### Available data
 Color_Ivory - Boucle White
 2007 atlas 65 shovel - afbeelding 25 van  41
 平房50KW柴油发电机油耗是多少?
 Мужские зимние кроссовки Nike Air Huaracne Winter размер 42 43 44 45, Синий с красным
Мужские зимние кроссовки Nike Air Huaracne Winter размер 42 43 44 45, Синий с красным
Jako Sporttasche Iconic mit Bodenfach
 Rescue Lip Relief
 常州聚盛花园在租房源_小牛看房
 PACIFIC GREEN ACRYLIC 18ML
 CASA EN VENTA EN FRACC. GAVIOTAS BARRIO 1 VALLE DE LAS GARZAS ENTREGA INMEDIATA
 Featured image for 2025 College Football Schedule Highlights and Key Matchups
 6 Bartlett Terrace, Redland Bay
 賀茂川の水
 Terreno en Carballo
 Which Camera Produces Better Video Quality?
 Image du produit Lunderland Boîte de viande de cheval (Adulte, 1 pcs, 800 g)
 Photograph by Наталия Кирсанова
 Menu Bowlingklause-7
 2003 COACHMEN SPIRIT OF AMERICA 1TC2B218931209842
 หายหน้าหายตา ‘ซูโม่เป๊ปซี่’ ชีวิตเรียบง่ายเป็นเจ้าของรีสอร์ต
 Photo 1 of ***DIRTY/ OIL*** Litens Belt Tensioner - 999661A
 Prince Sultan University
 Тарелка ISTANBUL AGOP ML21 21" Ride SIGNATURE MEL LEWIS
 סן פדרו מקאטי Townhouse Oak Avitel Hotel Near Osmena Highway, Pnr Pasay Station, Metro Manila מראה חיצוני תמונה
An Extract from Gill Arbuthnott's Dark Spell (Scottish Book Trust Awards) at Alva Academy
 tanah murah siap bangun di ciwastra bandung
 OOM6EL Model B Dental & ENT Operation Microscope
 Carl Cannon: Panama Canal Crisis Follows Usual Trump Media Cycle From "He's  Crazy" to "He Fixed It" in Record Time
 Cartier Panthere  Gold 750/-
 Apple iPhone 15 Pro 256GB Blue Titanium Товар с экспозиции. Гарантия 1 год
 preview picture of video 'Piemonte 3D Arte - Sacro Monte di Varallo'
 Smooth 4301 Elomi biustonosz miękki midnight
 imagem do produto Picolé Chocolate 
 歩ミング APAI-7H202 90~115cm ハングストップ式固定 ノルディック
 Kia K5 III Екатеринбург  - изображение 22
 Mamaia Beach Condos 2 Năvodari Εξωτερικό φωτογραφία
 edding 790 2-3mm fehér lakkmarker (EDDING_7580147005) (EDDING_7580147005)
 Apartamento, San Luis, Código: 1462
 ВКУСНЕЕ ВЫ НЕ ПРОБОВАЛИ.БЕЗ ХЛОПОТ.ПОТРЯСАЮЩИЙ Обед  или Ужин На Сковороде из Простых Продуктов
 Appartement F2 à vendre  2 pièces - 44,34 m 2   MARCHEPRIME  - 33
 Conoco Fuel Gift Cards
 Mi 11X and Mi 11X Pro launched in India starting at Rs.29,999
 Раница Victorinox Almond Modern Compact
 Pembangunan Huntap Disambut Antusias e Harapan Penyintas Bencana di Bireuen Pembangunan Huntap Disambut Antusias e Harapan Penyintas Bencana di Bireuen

### Work instructions
Your task is to restate, word for word, only those lines above that fall between the line holding "Rescue Lip Relief" and the line holding "Menu Bowlingklause-7", inclusive.

### Answer space
 Rescue Lip Relief
 常州聚盛花园在租房源_小牛看房
 PACIFIC GREEN ACRYLIC 18ML
 CASA EN VENTA EN FRACC. GAVIOTAS BARRIO 1 VALLE DE LAS GARZAS ENTREGA INMEDIATA
 Featured image for 2025 College Football Schedule Highlights and Key Matchups
 6 Bartlett Terrace, Redland Bay
 賀茂川の水
 Terreno en Carballo
 Which Camera Produces Better Video Quality?
 Image du produit Lunderland Boîte de viande de cheval (Adulte, 1 pcs, 800 g)
 Photograph by Наталия Кирсанова
 Menu Bowlingklause-7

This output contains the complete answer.